* _Exercise aim_:
In the records below, the part to copy starts at the line containing "Adhésif fluo 25m X 4 couleurs 1,9cm" and goes to the last line; output it exactly, without pictures.

* _Given data_:
┌──

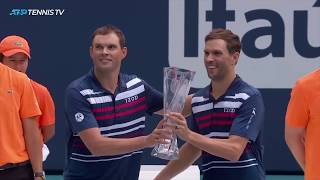 Bryan Brothers beat Tsitsipas amp Koolhof  Miami Open 2019 Doubles Final Highlights [upl. by Adnarrim]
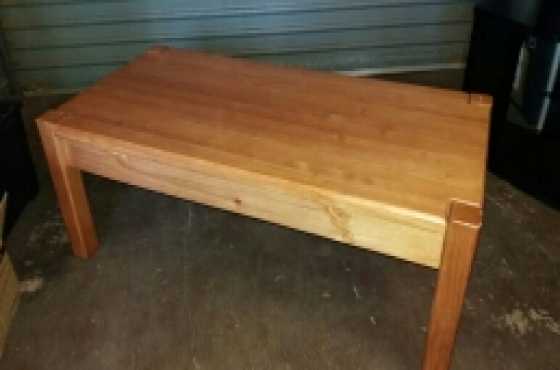 Large Hard Pine Coffee Table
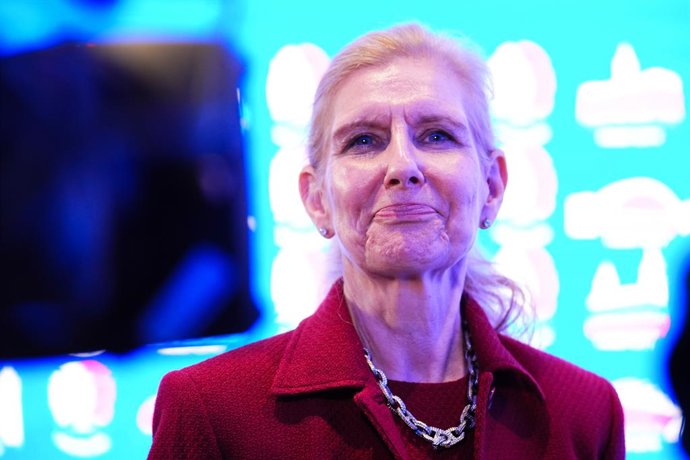 Archivo - 12 November 2025, United Kingdom, London: UK&I Board Chair Debbie Hewitt attends the UEFA EURO 2028 launch at Below The Lights. UEFA EURO 2028 will take place in the UK and Republic of Ireland. Photo: James Manning/PA Wire/dpa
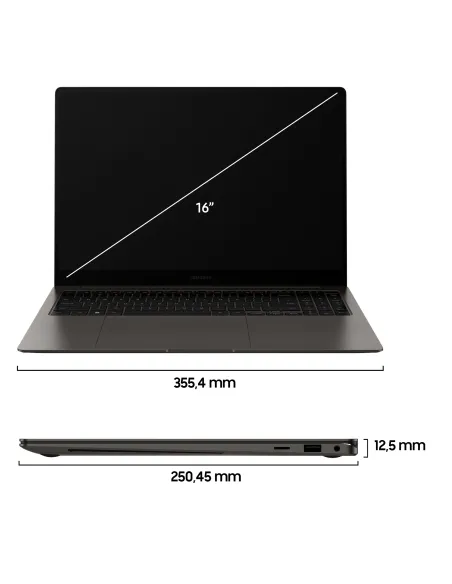 Samsung Galaxy Book3 Pro 16" Laptop i7 16GB 512GB Windows 11 Pro Graphite
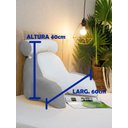 Ver imagem 7 de Almofada de Descanso e Apoio de Lombar Travesseiro Multiuso Ergonômica para Leitura com Rolinho Dest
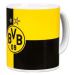 FotbalFans Keramický hrnek Borussia Dortmund FC, 300 ml, žluto-černý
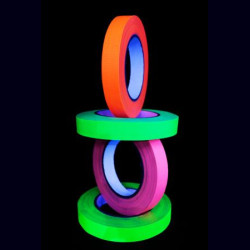  Adhésif fluo 25m X 4 couleurs 1,9cm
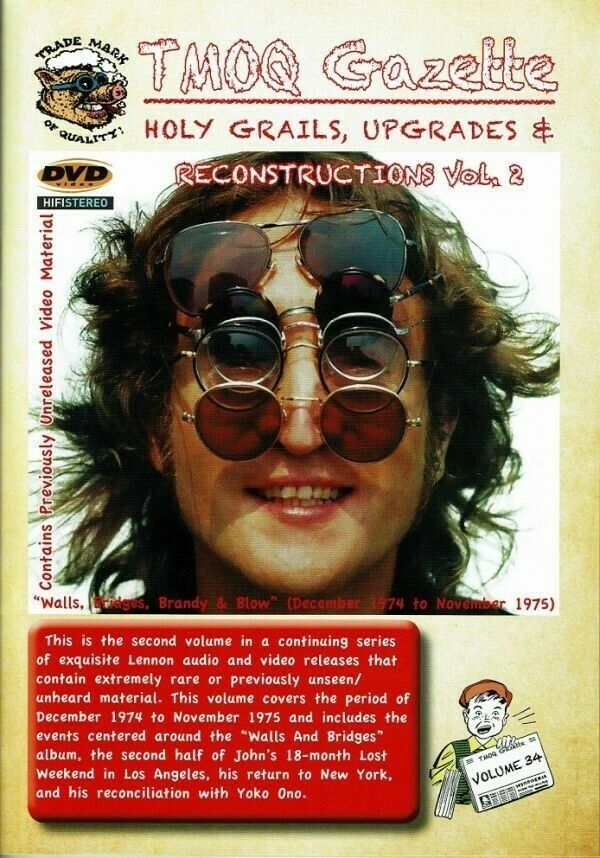 John Lennon WALLS, BRIDGES, BRANDY & BLOW Reconstructions Vol.2 (CD+DVD BOOKLET)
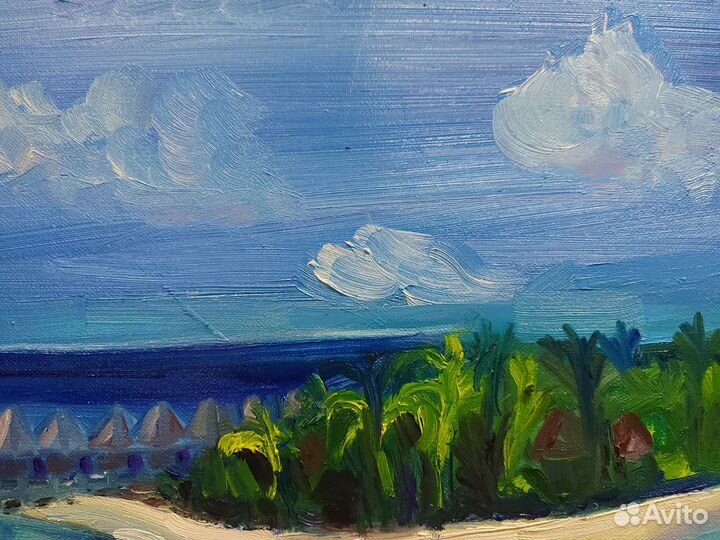Картина маслом Мальдивы
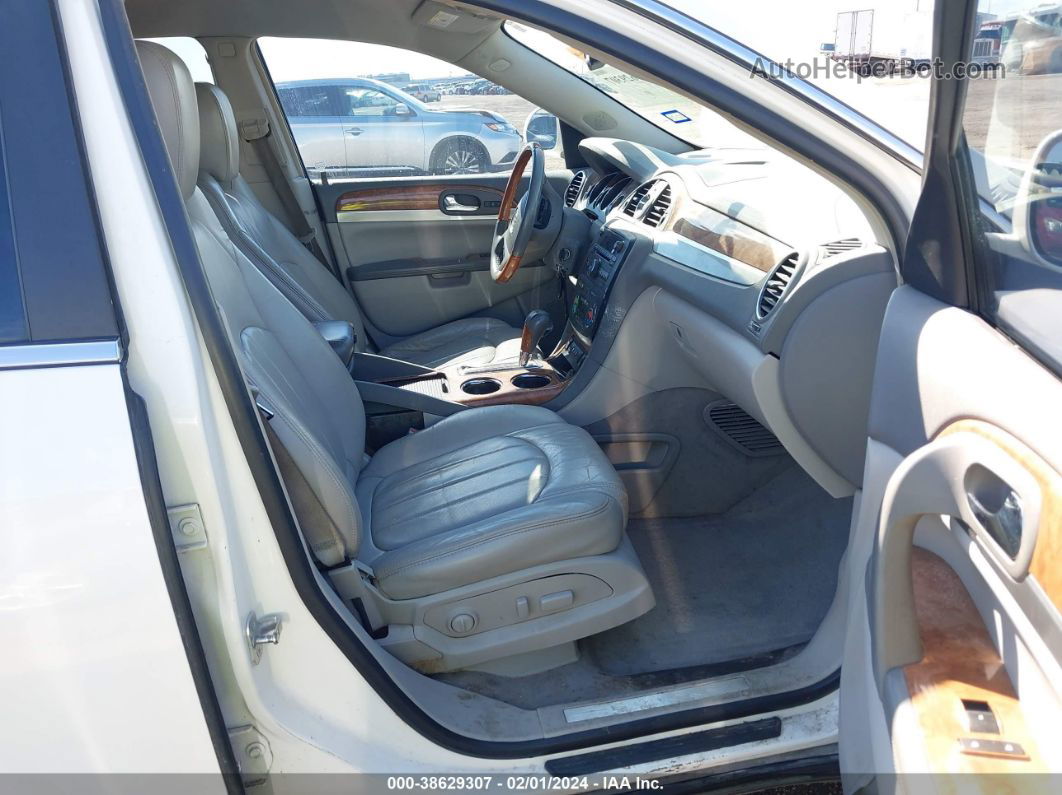 2010 Buick Enclave 1xl White vin: 5GALRBED2AJ151669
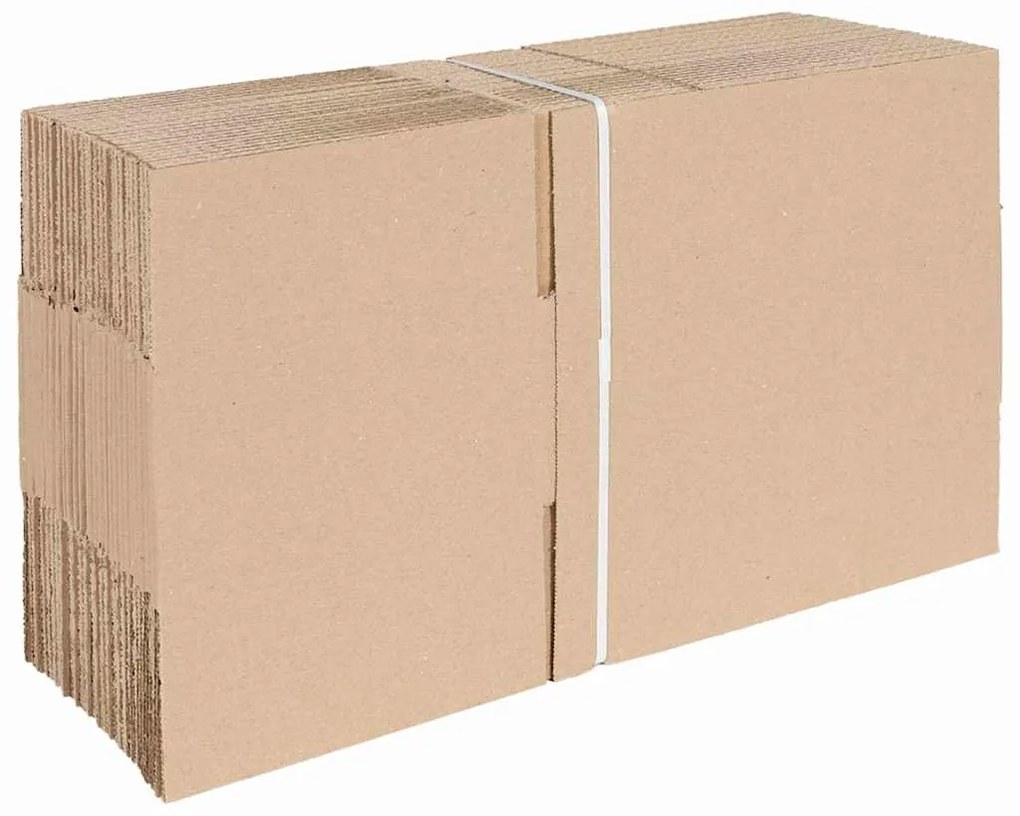 vidaXL Πτυσσόμενο Κουτί 50 pcs Καφέ 25 x 17.5 x 10 εκ. Χαρτόνι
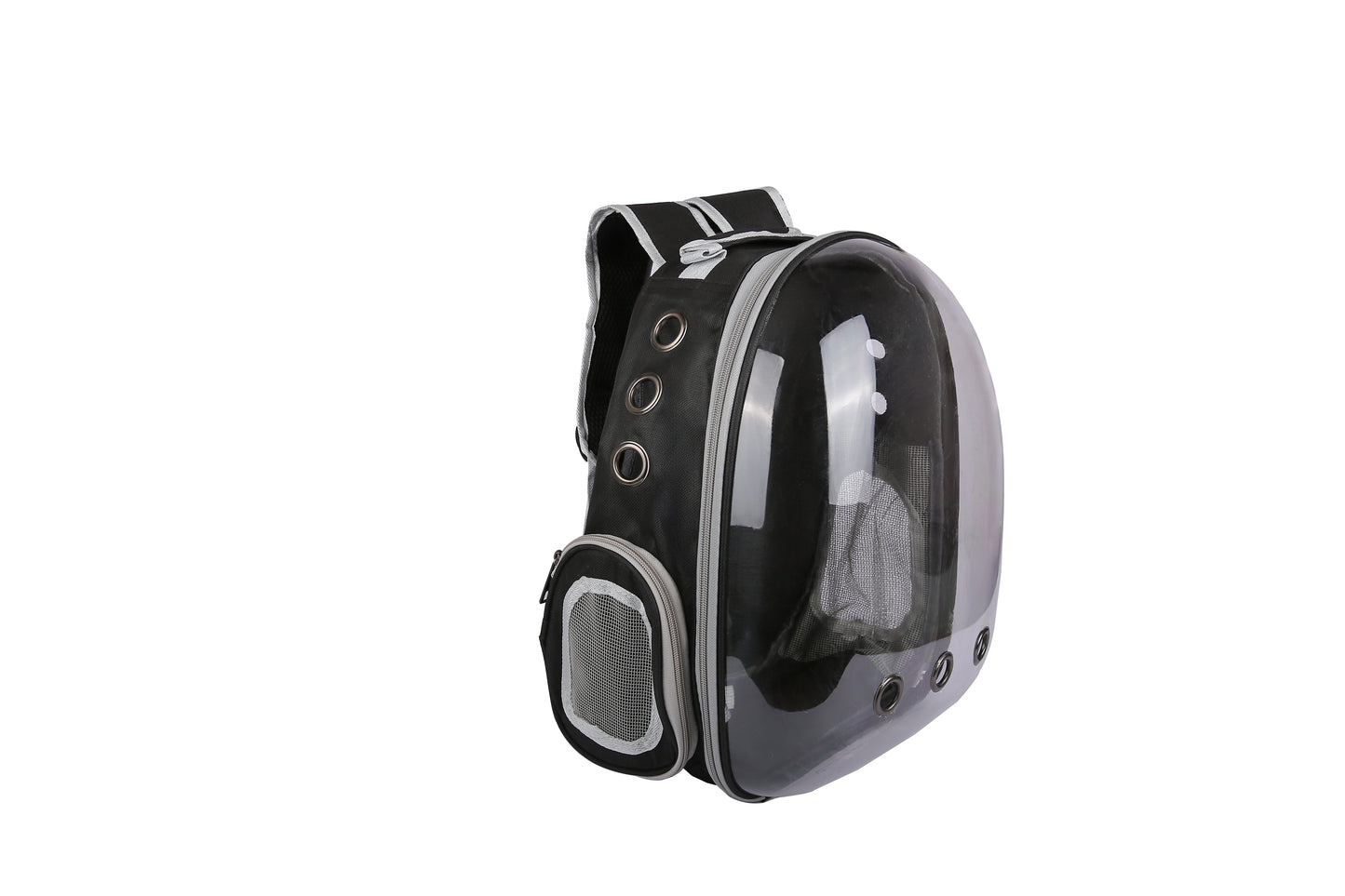 Happy Puss Transparent Pet Carrier Backpack – Space Capsule for Cats and Small Dogs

└──

* _Solution for this task_:
  Adhésif fluo 25m X 4 couleurs 1,9cm
 John Lennon WALLS, BRIDGES, BRANDY & BLOW Reconstructions Vol.2 (CD+DVD BOOKLET)
Картина маслом Мальдивы
 2010 Buick Enclave 1xl White vin: 5GALRBED2AJ151669
 vidaXL Πτυσσόμενο Κουτί 50 pcs Καφέ 25 x 17.5 x 10 εκ. Χαρτόνι
 Happy Puss Transparent Pet Carrier Backpack – Space Capsule for Cats and Small Dogs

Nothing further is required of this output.